Author: Tyler Sorensen
Last revised: 1 Sept. 2016
-
Introduction
-
Licenses and Copyright
-
Running the Code
- Obtaining Inputs
- Running
-
Known Issues
This is the code for the paper:
"Portable Inter-Workgroup Barrier Synchronisation for GPUs" appearing in OOPSLA'16.
Please cite the above paper if you use this code in academic work.
If you use our Pannotia or LonestarGPU code, consider citing the papers for those works as well, which are respectively:
"Pannotia: Understanding irregular GPGPU graph applications" appearing in IISWC'13
"A quantitative study of irregular programs on GPUs" appearing in IISW'12
Please contact Ally or Tyler if have questions or comments about this code:
Tyler Sorensen t.sorensen15 AT imperial DOT ac DOT uk
Alastair F. Donaldson alastair.donaldson AT imperial DOT ac DOT uk
This code consists of 3 different code bases, all with different licenses and copyright holders.
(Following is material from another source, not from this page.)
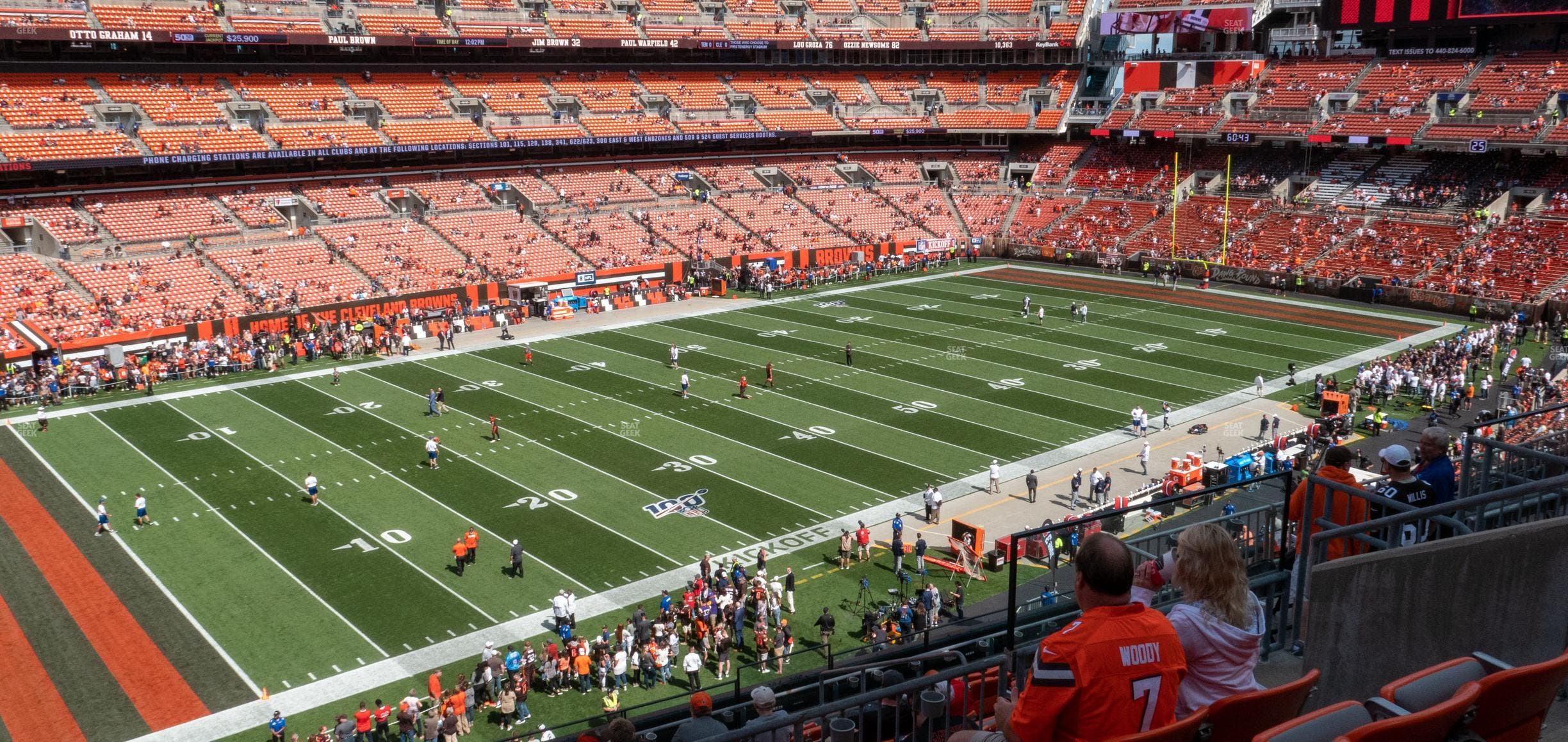 Huntington Bank Field - Section Suite 205 Seat View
The original code written for this project consists of the discovery protocol, the XF barrier (written using the discovery protocol and OpenCL 2.0 atomics) and the occupancy micro-benchmarks.
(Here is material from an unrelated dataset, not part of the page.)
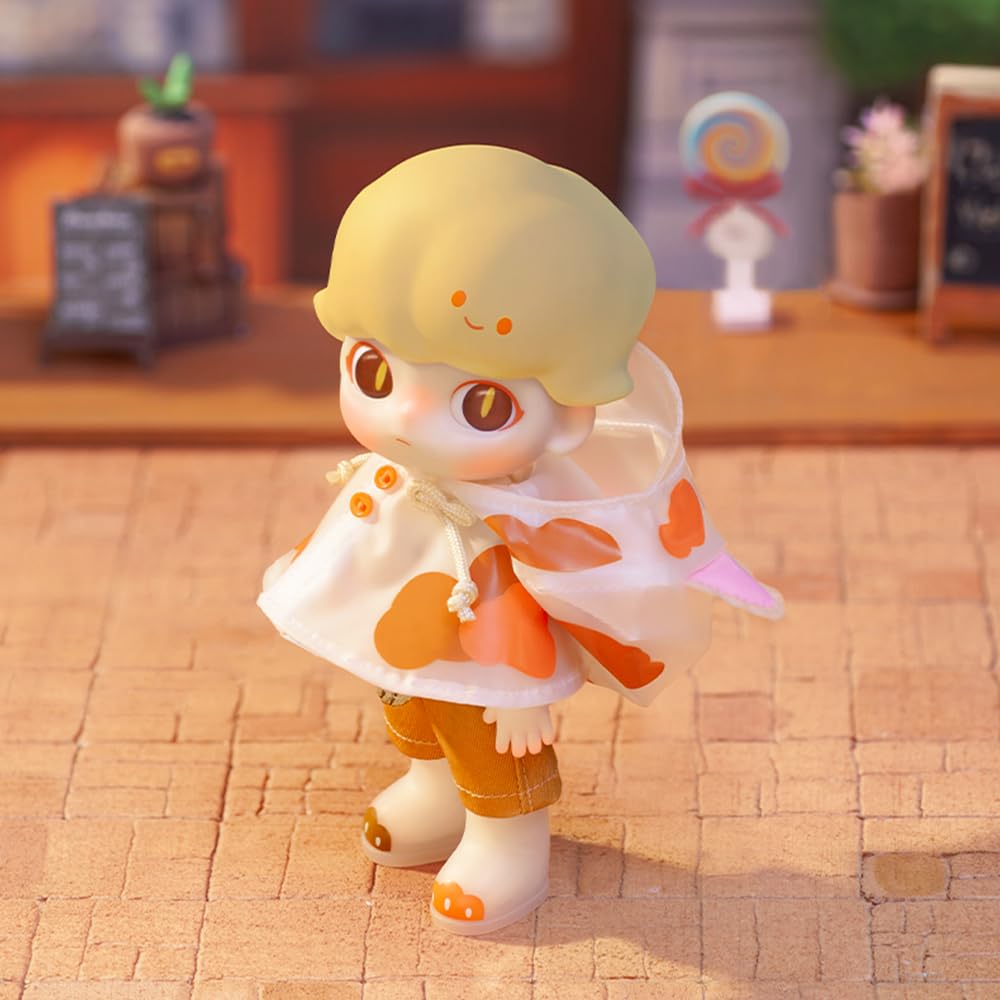 Amazon | POPMART DIMOO Raincoat Cat アクションフィギュア ポップ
This code is located in code/discovery_protocol /code/experiments/occupancy_tests
The copyright holders of this code are: Tyler Sorensen and Alastair Donaldson.
The code is released under the BSD license which can be found in licenses/discovery_protocol
The original LonestarGPU code is released under the University of Texas research license, which it maintains.
The LonestarGPU code is confined to the directory: code/experiments/lonestar_gpu_opencl
A copy of the license can be found in: licenses/lonestar_gpu
The original LonestarGPU code can be obtained from: http://iss.ices.utexas.edu/?p=projects/galois/lonestargpu
The Pannotia applications are provided with a license by AMD.
A copy of the license can be found in: licenses/pannotia
The Pannotia code is confined to the directory: code/experiments/pannotia
The original Pannotia code can be obtained from: https://github.com/pannotia/pannotia
To run the Pannotia or LonestarGPU applications, you will need to obtain the (large) graph files as input.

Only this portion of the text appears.